Reel talent: Ex-Lawrenceburg QB Reid Strobl to pursue bass fishing at Texas university

'Extremely mental sport' holds allure for senior
Reel talent: Ex-Lawrenceburg QB Reid Strobl to pursue bass fishing at Texas university
Posted at 7:00 AM, Jun 05, 2017
and last updated 2017-06-05 07:00:32-04

LAWRENCEBURG, Ind. -- Senior quarterback Reid Strobl led Lawrenceburg High to the Indiana Class 3A football championship game in November. He generated interest from several small collegiate programs in Michigan, Indiana and Kentucky along the way.

He thought about playing football after high school. Then he chose his true passion.

Just last week the 18-year-old West Harrison, Indiana, resident inked his commitment to pursue bass fishing at Dallas Baptist University, which boasts the country’s top-ranked club team.

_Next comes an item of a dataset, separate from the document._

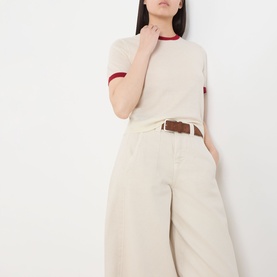 Model wearing Guest In Residence Airy Ringer T-Shirt in cream with red contrast trims, styled with wide-leg cream trousers and brown belt.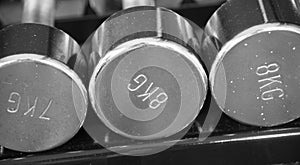 Dumbells on the row black and white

That’s right: bass fishing.

“Just to be able to have this opportunity to fish in college is really a dream come true for me. It’s something I’ve been kind of hoping and wishing for the past two years and now it’s become a reality,” Strobl said.

Bass fishing is a sport on the rise, said Strobl and his Lawrenceburg coach, Steve Neal. While it’s not a sanctioned sport in Indiana high schools, it’s a fast-growing club activity that has fielded enough participants for the Tigers to have a program the last two years.

Reid Stroble committed to Dallas Baptist University recently and will be part of the school's top-ranked bass-fishing club. (Photo provided)

Lawrenceburg’s program already has prepped two standouts for college programs: Hunter Schneider, who graduated last year and competes for Adrian College in Michigan, and Strobl.

“(Bass fishing) is growing in leaps and bounds. Indiana is probably behind where it should be, but it’s really starting to take off now,” Neal said.

Lawrenceburg’s season generally runs from April to September, and most tournaments allow entrants to weigh five fish, typically largemouth bass, smallmouth bass and spotted bass.

The sport is much more involved than casting a line and hoping for the best. Strobl said topography research is necessary to note fish patterns and populations. Neal said concentration is 75 percent of the sport.

“There’s a lot of things mentally that are involved in fishing,” Neal said. “You could be a great athlete and not be worth a hoot at fishing unless you put your mind into it. There’s a lot of homework you have to do in fishing. You’re not going against another athlete or another player. You’re going against the fish, and sometimes they don’t read books.”

It didn’t take long for Strobl to become enamored of bass fishing. He said being out on the water all day “is awesome” but the competitiveness of the sport “really took my heart.”

“I’ve played baseball, basketball and football my entire life competitively and always fished, but never competitively. There’s just something about the preparation it takes. It doesn’t matter your background, how big you are and how strong you are. It’s an extremely mental sport, and I love that about it,” Strobl said.

Strobl, a Lawrenceburg team captain, qualified for the semifinals of the FLW High School Fishing World Finals and the Indiana state finals.

While he’s eager to start studying marketing at Dallas Baptist, Strobl is most pumped about the prospects of expanding his fishing career. He’ll compete in Texas, Arkansas, Oklahoma and other destinations against some of the nation’s top collegiate anglers.

Strobl said DBU does not award full scholarships because bass fishing is a club sport, but expenses such as entry fees, gas for his vehicle and boat, and travel accommodations are covered.

Strobl was recruited for bass fishing by McKendree University in Illinois, Georgetown College in Kentucky and Adrian College, in addition to Dallas Baptist. Some of those schools also wanted Strobl for football.

But fishing -- well, he was hooked.

“I think it was the right decision. There were a lot of things that led me to see more of a future in bass fishing for me,” Strobl said. “I obviously love the sport of football and it’s going to kill me to let it go. I just needed to go this route.”